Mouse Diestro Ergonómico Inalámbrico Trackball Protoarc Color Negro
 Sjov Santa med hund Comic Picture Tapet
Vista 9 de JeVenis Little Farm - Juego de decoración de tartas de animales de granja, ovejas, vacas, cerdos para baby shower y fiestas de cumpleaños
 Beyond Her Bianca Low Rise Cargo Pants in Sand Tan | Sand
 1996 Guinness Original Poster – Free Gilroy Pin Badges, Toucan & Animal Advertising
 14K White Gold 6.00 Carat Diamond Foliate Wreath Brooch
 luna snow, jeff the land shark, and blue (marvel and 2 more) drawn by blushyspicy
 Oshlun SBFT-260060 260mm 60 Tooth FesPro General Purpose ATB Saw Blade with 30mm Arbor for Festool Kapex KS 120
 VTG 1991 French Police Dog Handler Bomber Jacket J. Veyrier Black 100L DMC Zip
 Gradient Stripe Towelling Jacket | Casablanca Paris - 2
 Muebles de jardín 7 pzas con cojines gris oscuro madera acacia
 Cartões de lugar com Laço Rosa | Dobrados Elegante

☆ ☆ ☆ ☆ ☆

• [EXERCISE INSTRUCTIONS]
Extract exactly the leading lines of the data, stopping at and including the line with "Vista 9 de JeVenis".

• [ANSWER TO THIS TASK]
Mouse Diestro Ergonómico Inalámbrico Trackball Protoarc Color Negro
 Sjov Santa med hund Comic Picture Tapet
Vista 9 de JeVenis Little Farm - Juego de decoración de tartas de animales de granja, ovejas, vacas, cerdos para baby shower y fiestas de cumpleaños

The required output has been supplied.